If you’ve ever been on Prednisone, you know it’s a kind of love / hate.
I love it when I feel so horrible that I can not get out of bed, when I want to die, or at least not live in the state I am in. I’m also grateful for it when I can ‘t function – except running to the bathroom, of course – and I’m grateful for it when, on the third or fourth day of taking it, I start to feel better. I can eat again. I have no pain. That awful weakness in my whole body is gone. I am rejoicing in happiness prednisone. I drink it with desire in the morning, knowing that every day I take it I will improve and feel more myself. Soon I will want to eat regular meals again. I want to leave the house. I can sleep through the night. Yay, prednisone!
I started again with prednisone at the end of December, after having received a massive explosion, as I mentioned in an earlier column. I started at 40 milligrams, which is a typical starting dose for me when I feel so bad. I have been doing the usual since then – two weeks at 40 mgs, one week at 30 mgs, one week at 2o mgs, and now I have just started a week of 15 mgs. Then I will go to 12.5, 10, 7.5, 5, 2.5, and be done. At least that’s the plan.
I am loving / hating prednisone right now. I know it saves me – literally – when I feel terrible, but I also know it’s horribly bad for me. My face is really swollen right now, I’ve gained a few pounds, and those are just the short-term side effects. I am always aware of how my blood pressure is dragging on, how I was diagnosed with osteoporosis at age 43, how I suffer from these strange muscle aches in my legs after having been using a time, how my mood can go Go-with-the- Flow to agitated and depressed and at the edge.

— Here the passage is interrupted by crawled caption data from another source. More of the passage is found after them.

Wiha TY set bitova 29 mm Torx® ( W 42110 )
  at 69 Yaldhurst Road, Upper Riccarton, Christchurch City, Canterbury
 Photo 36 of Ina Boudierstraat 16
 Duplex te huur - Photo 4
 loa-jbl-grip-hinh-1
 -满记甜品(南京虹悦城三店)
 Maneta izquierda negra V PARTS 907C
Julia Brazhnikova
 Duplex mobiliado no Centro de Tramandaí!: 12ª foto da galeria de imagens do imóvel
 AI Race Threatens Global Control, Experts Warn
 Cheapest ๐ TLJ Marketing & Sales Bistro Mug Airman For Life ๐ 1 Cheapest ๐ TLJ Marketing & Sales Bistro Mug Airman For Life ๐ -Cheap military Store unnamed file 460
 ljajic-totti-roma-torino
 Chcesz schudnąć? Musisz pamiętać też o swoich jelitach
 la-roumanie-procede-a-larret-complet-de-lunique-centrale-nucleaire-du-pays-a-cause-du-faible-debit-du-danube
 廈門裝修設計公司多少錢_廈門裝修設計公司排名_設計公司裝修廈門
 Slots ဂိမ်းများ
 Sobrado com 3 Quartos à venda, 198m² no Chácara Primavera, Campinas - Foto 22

I noticed when I reduced to 20 mg last week that some of the physical symptoms were returning, very gently. Because I have Crohn’s patches in my stomach, I have many feelings of “need-my-Percocet-right-this-second”. I have not needed Percocet in several weeks now because prednisone was covering it. But I did it last night. I’m having problems, again with swallowing.
Therefore, I love prednisone by taking those struggles away from me. But now that I’m diminishing, they’re coming back. I have six more weeks of cone to go, it feels like a lot. But I know that shortly after I leave, even though I’m making a valiant effort, the symptoms will probably come back, I’ll go back to 40 mgs, and start the whole miserable cycle again.
Tapering. I know I have to, but I hate it. And I love it.